I was saddened to hear that former Texas Governor, Ann Richards passed away last week. Molly Ivins does her memory some justice.

She was so generous with her responses to other people. If you told Ann Richards something really funny, she wouldn't just smile or laugh, she would stop and break up completely. She taught us all so much -- she was a great campfire cook. Her wit was a constant delight. One night on the river on a canoe trip, while we all listened to the next rapid, which sounded like certain death, Ann drawled, "It sounds like every whore in El Paso just flushed her john."


Governor Richards was a class act and an inspiration. She was inclusive and effective and lost to George W. Bush anyway, which goes to show that there ain't no justice in politics. One of my favorite quotes attributed to her is, "The roosters may crow, but the hens deliver the goods."

3 Comments:

Blogger Maya's Granny said...

1. Dogs often pee to indicate submission. If they get punished for it, the pee all the more to show that, yes, they really are submissive. What is happening with other people/creatures around her when she pees?

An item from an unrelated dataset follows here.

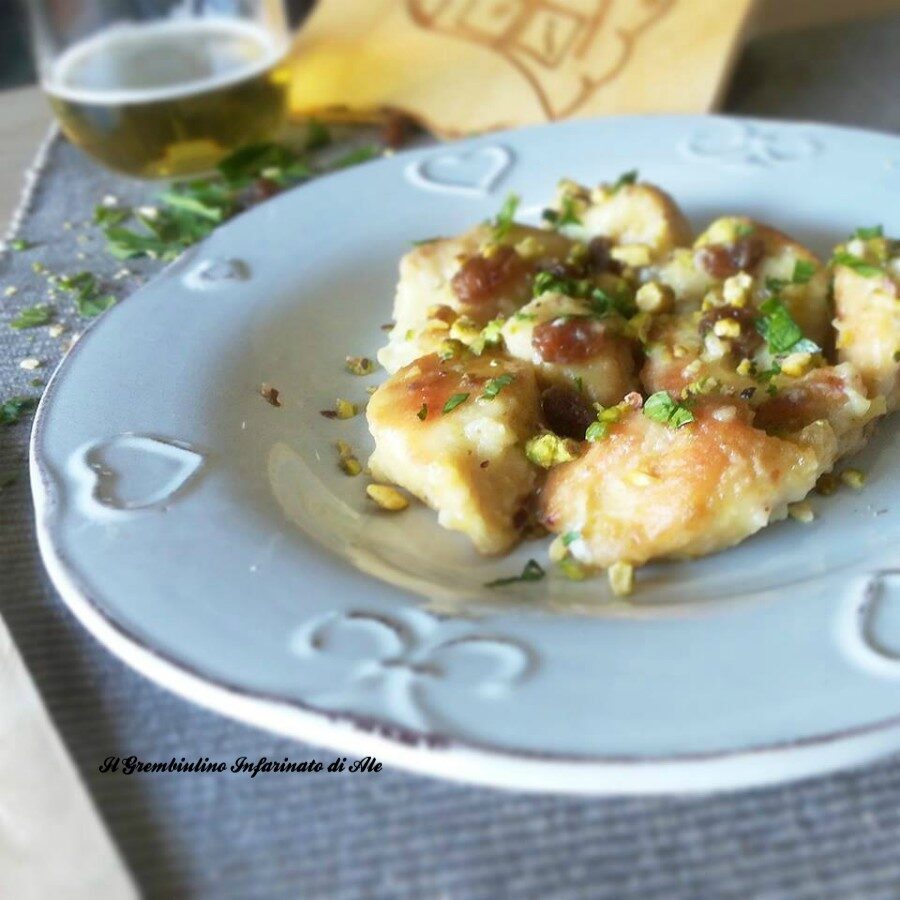Petto di pollo alla birra con pistacchi e uvetta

2. Ann Richards was the first of the people that I know of that Bush savaged. His people started rumors that she was a lesbian in a very red part of the state.

10:51 AM  
Blogger Susan B said...

Usually we're not in the room when it happens, so I don't know if she's reacting to something or just can't hold it anymore.

2:38 PM  
Blogger Susan B said...

Also, we don't punish her when we do find her "accidents." Since dogs operate very much in the present moment, she'd probably have little understanding of what she was being punished for.